New TV channel run exclusively by fully veiled women

After graduating from the mass communication department of Cairo University, Heba Seraq-Eddin couldn't find a job. Potential employers turned her down, she says, because of her veil. Heba wears the niqab, the black fabric that covers her whole face, except for the eyes.

"I used to tell them I won't appear on camera, my niqab won't be visible," recalls Serag-Eddin, trained as a director and camera operator. But there were no job offers and she felt that the networks rejected the very concept of the niqab in the workplace.

Then she came across an ad for a new TV channel called Maria, run exclusively by niqab-clad women. She was hired right away.

Maria, the first channel of its kind anywhere, kicked off with the Muslim holy month of Ramadan on July 20. Until it gets more funding and staff, it's a daily four-hour broadcast on its mother channel, Al-Omma, an independent channel seen in the Middle East.

In an apartment in the eastern Cairo district of Abasya, the female volunteers of Maria share two studios with Al-Omma's staff. Men occasionally help move the colored wooden panels on set and perform other technical chores. And Islam Abdallah, Al-Omma's executive director, steps in to offer advice on how to talk to the camera.

While new hires are being trained, the station is using the skills of other women who favor the hijab -- the veil that's more like a head scarf -- to help. But the objective is to depend solely on niqab-clad women. So far, they all work as volunteers.

"I felt that we finally have a place in society after being marginalized. As women wearing niqab, we had no rights, and no one to talk about us. Through Maria, we'll find people like us talking about us, with no discrimination," Seraq-Eddin says.

The niqab has sparked many debates about discrimination over the years. Public universities' ban of them during exams or in dormitories were the subject of numerous court battles and were condemned by advocacy groups. Women often complain of an unwelcoming job market with an unwritten discrimination.
Maria director Alaa Abdallah says that being part of the TV project showed her and other team members that they did, indeed, have the skills for the job.
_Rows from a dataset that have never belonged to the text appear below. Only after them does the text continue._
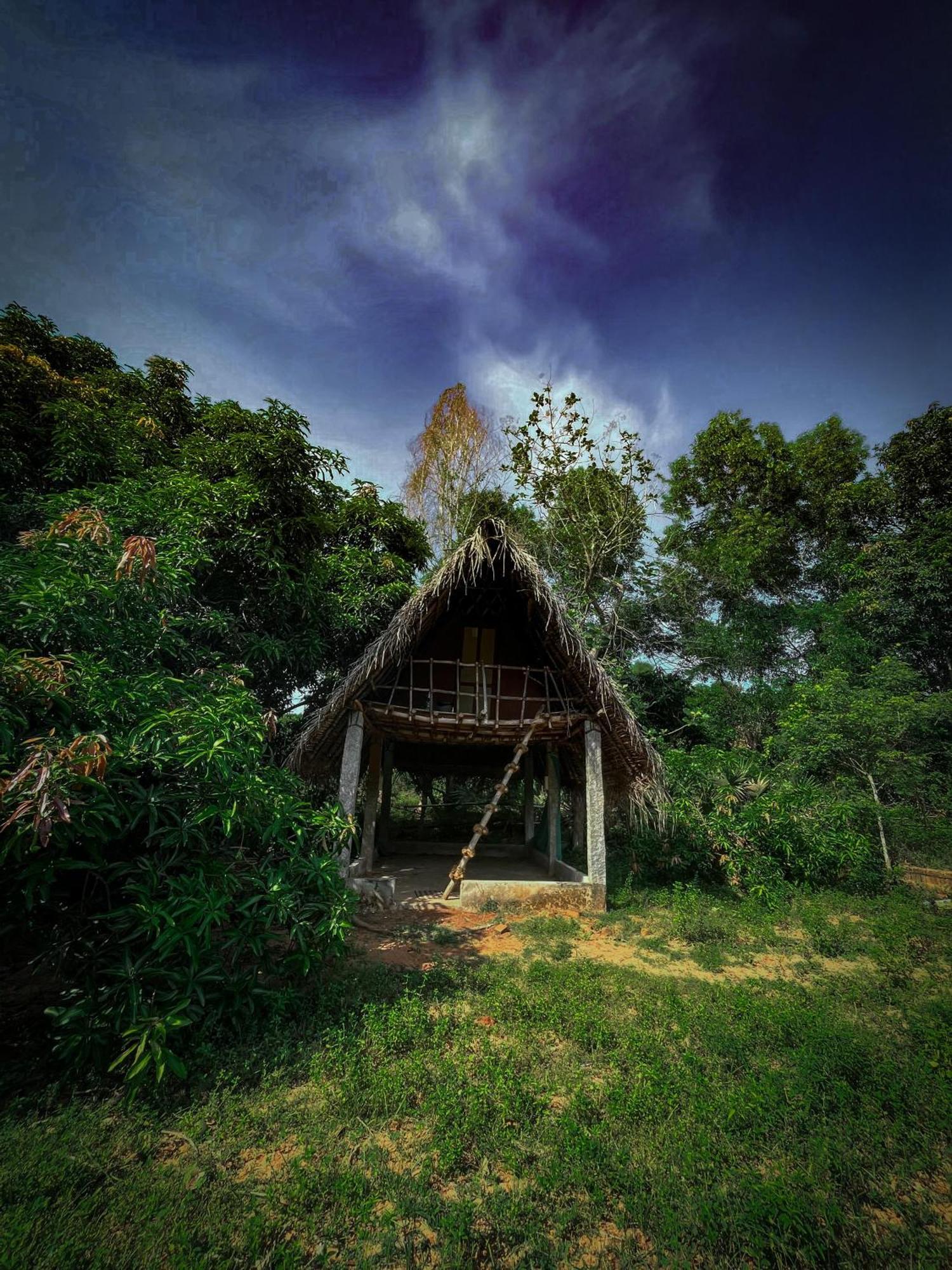 Art Forest ปอนดิเชอรี ภายนอก รูปภาพ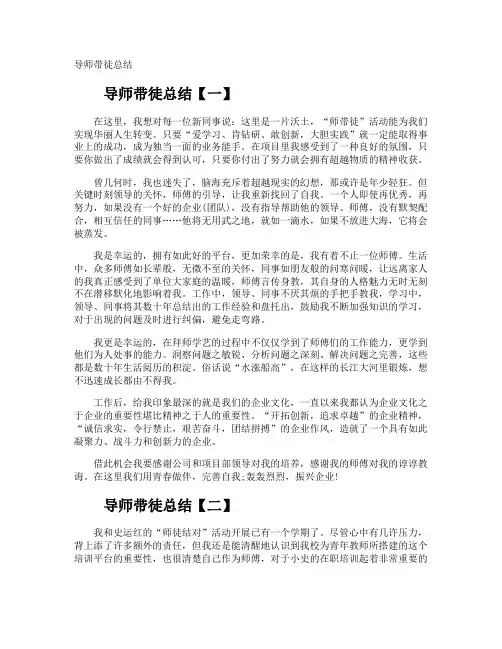 导师带徒总结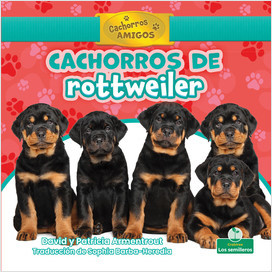 Cachorros de rottweiler (Rottweiler Puppies) (Spanish)
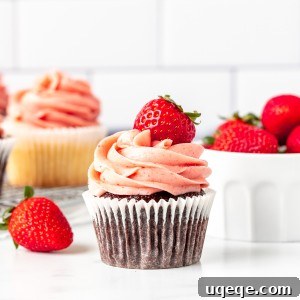 Strawberry Buttercream Delight: Crafted with Fresh or Frozen Berries 8 Chocolate cupcake decorated with strawberry buttercream frosting and topped with a fresh berry.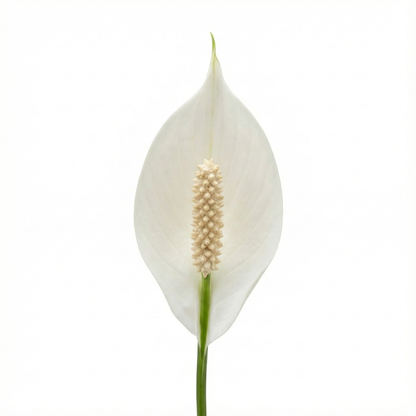 Peace Lily; Spathiphyllum Torelli | 65cm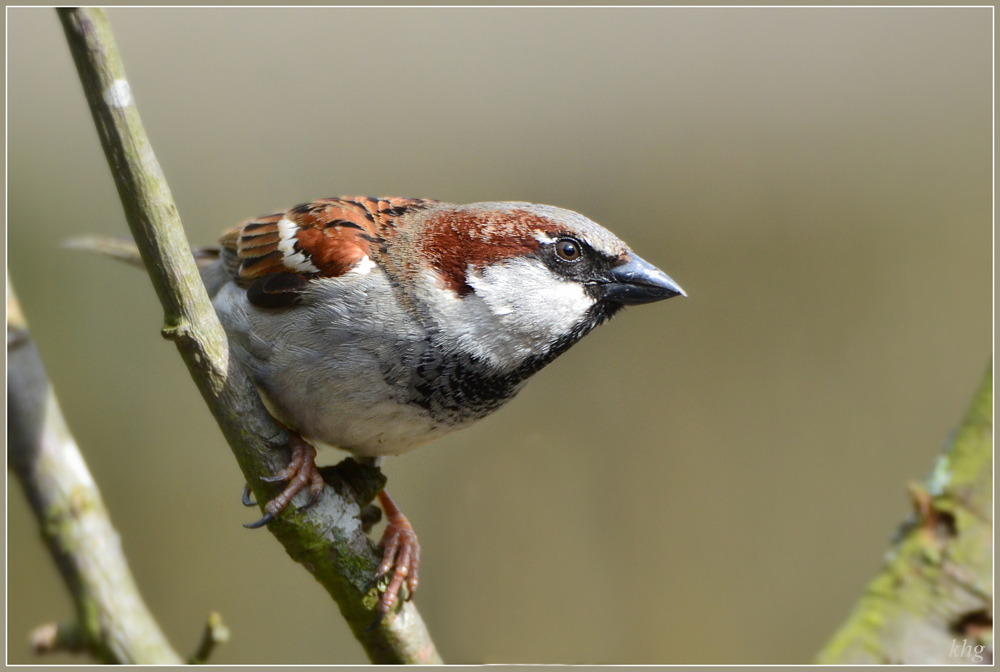 DSC 4461 Spatz
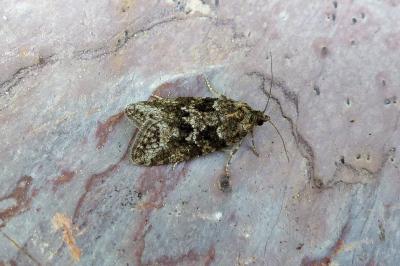 <i>Cnephasia</i>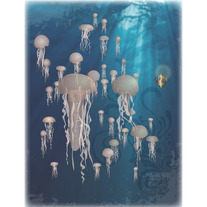 The Jellies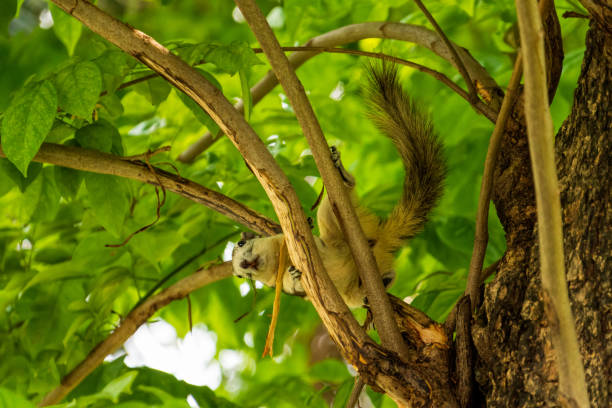방콕 시립 공원에서 나뭇가지를 연주하는 핀 레이 슨의 다람쥐 - squirrel softness wildlife horizontal 뉴스 사진 이미지
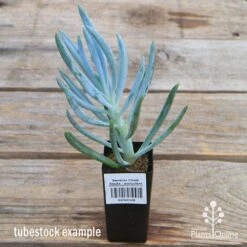 Senecio Chalk Sticks - Succulent -Bloom Field Shop apo senecio chalk staicks tubestock current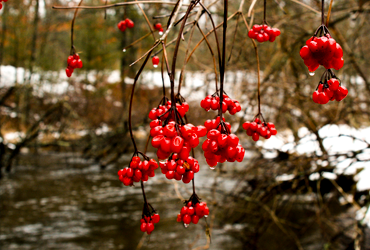 Little Manistee Watershed Photo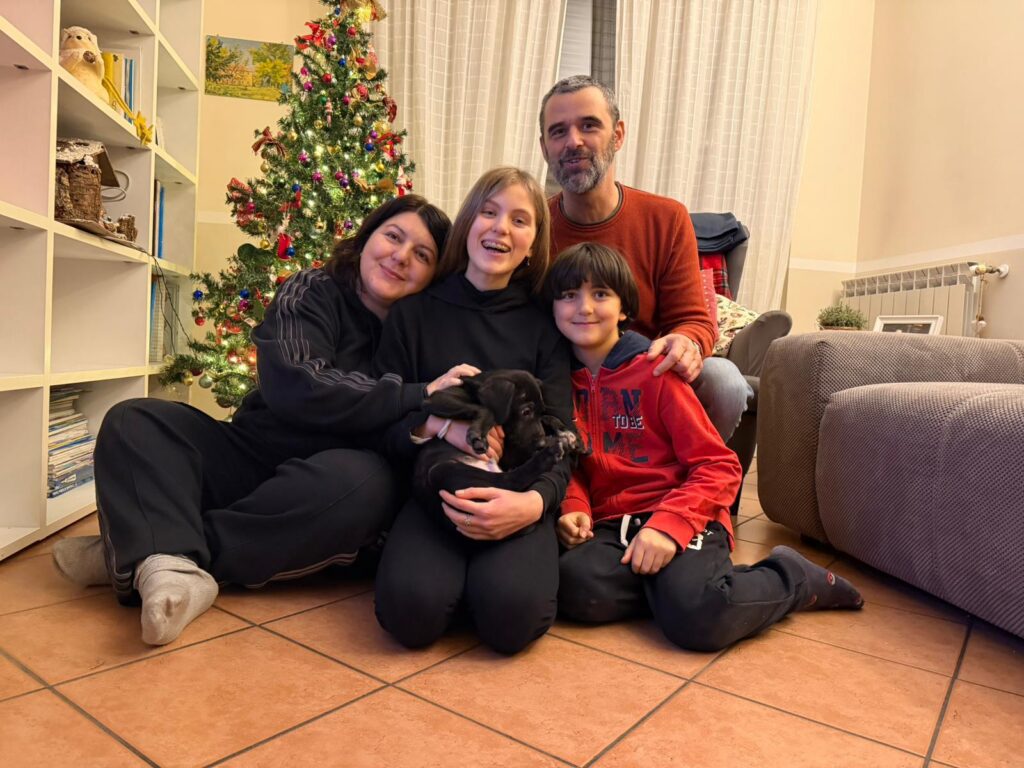 Ora ti spiego come diventare volontario UAI (e perché ti piacerà)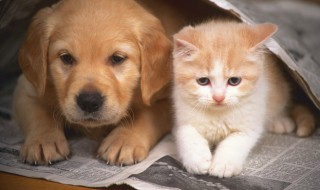 小猫咪呕吐是怎么回事 猫咪呕吐是什么原因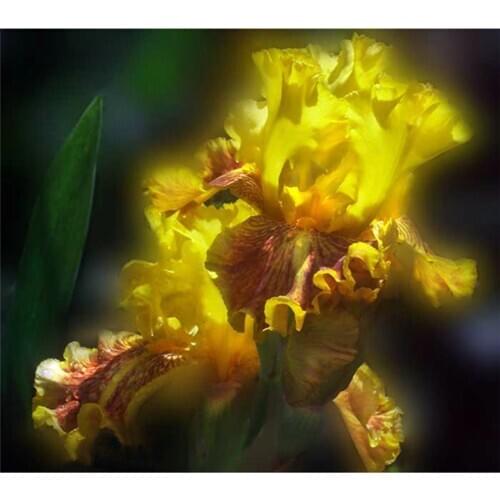 3D diamond embroidery flower diamond cross stitch crystal square diamond sets diy diamond painting - dream Canna flowers A4973R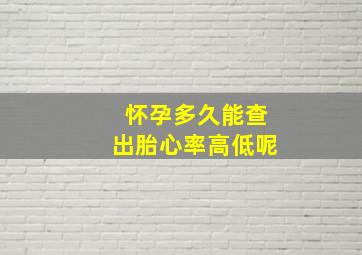 怀孕多久能查出胎心率高低呢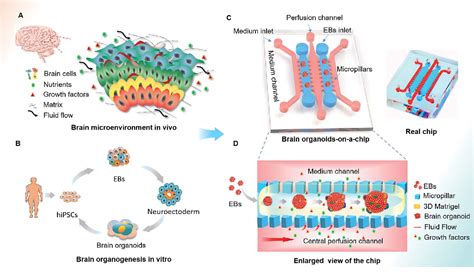 Brain Processing Unit 的图像结果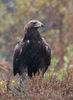 Golden Eagle with Autumn Colours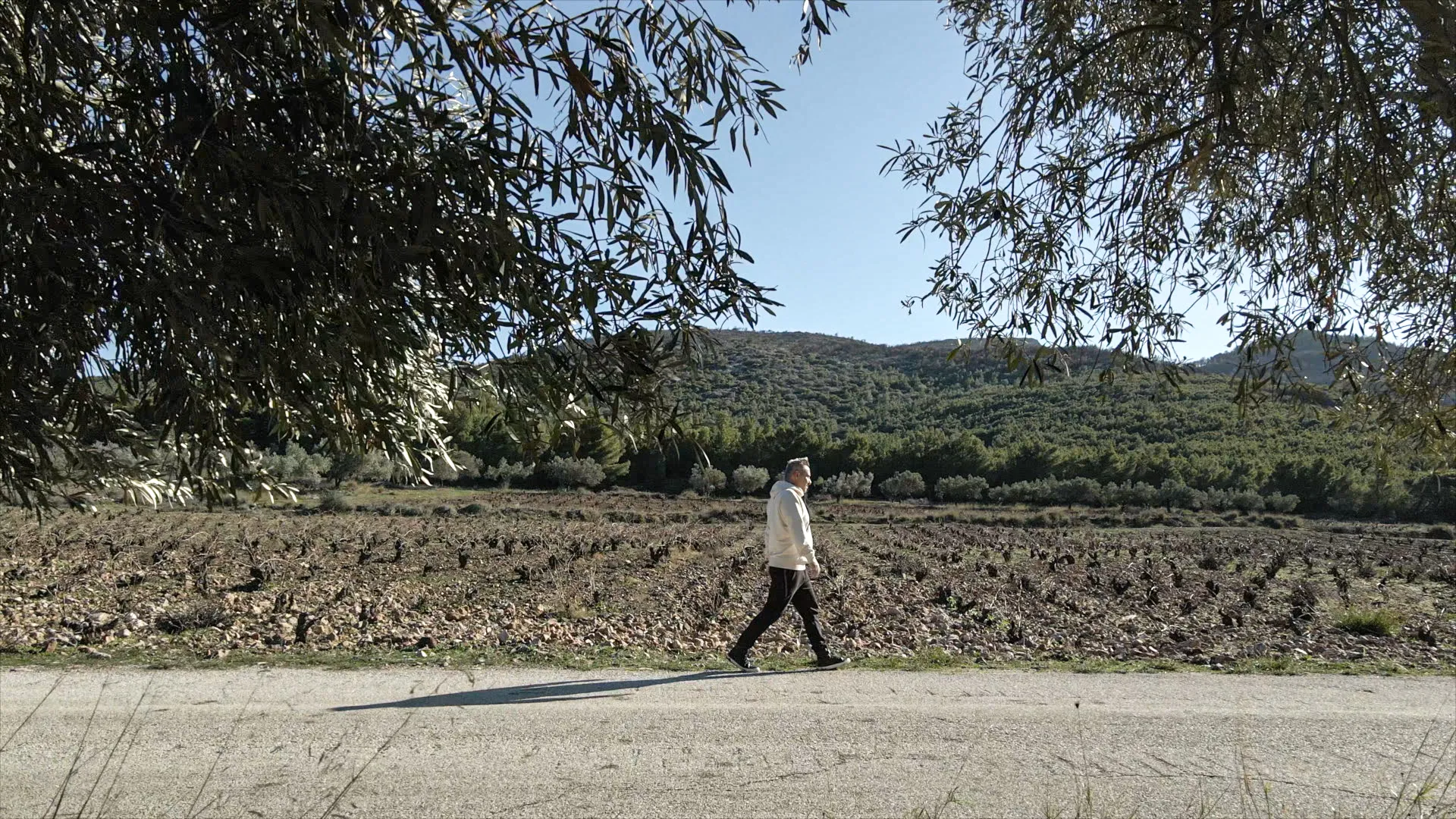 Savatiano of the future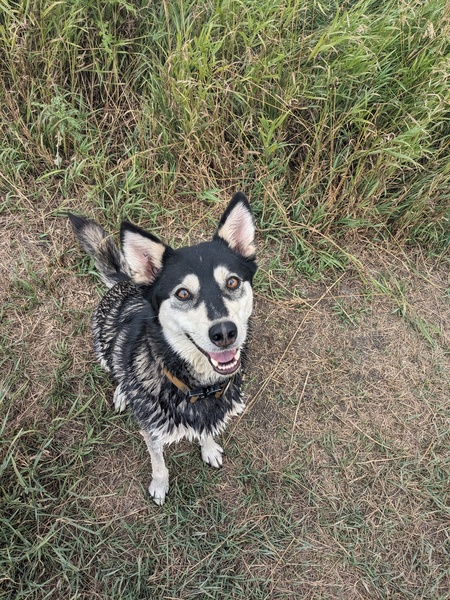 Kida Cleopatra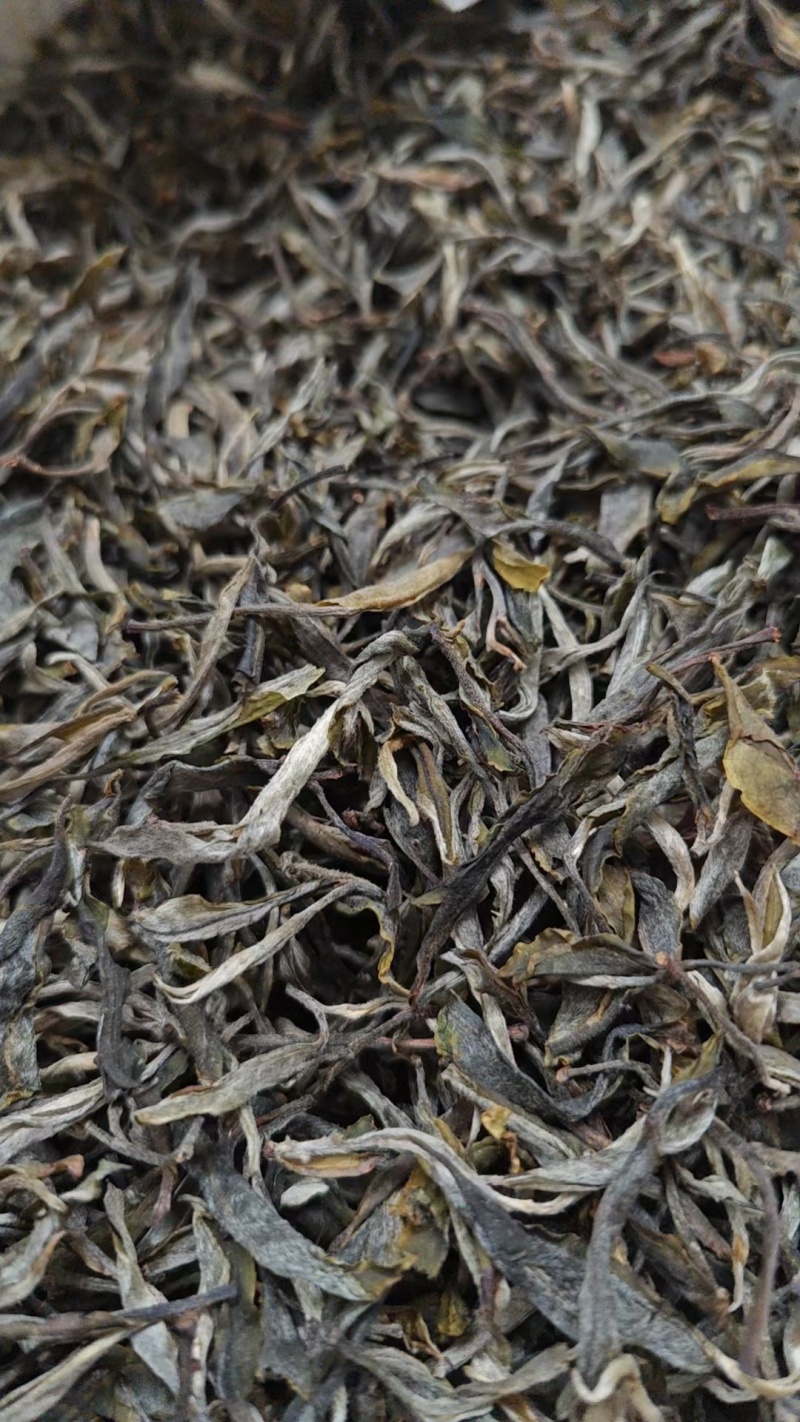 普洱古树生茶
"We are trying to create a better society after the earthquake of freedom that was January 25," Alaa Abdallah explains. She says Egypt's intellectuals should support her right to speak up and her right to give a marginalized segment of society a voice.

One of those intellectuals is not convinced. The network taps into the rhetoric of women's empowerment, says Adel Iskandar, media scholar at Georgetown University, but there is a "very strong case to be made that it's a gimmick."

Others are worried that the rise of political Islam in Egypt will radicalize the society. They argue that a TV network that features only women with covered faces is a "U-turn" on the path of the so-called Arab uprising.

Alaa Abdallah says she avidly supports freedom of expression, but wouldn't grant her critics the same leeway she demands. "I stand by freedom of expression as long as it isn't hostile to Islam," she says, arguing that "secular and liberal" channels are "destructive" in the way they are promoting ideas that would reshape society.



Abu Islam Abdallah, Alaa's father and the owner of Al-Omma, believes he's restoring the balance. By stressing the niqab, he believes he evens out what he describes as the "racism" against these women.
He describes as heretic the type of democratic system that allows women "to dress immodestly, work as dancers and even be members of Parliament." That's "pandemonium," he says.

Al-Omma -- which means the nation -- is full of "anti-Christianization" rhetoric. There is less of that on Maria, named for the woman thought to have been the prophet Mohammed's Coptic wife. Its female-oriented, cultural programming "within a religious framework," as Alaa Abdallah describes it, might even have greater potential than Al-Omma and its donation-based funding model.

Maria caters to a niche market untapped even by ultraconservative channels, according to Iskandar. But normalizing the appearance of women covered from head to toe in black could be a double-edged sword. "It takes away from their mystique, their exoticism," he argues.

Others believe Maria might end up isolating the niqab "community" and only underline the controversy over the full veil.

Either way, the biggest challenge, according to Iskandar, will be to overcome what may be visually dull presentation with creative content.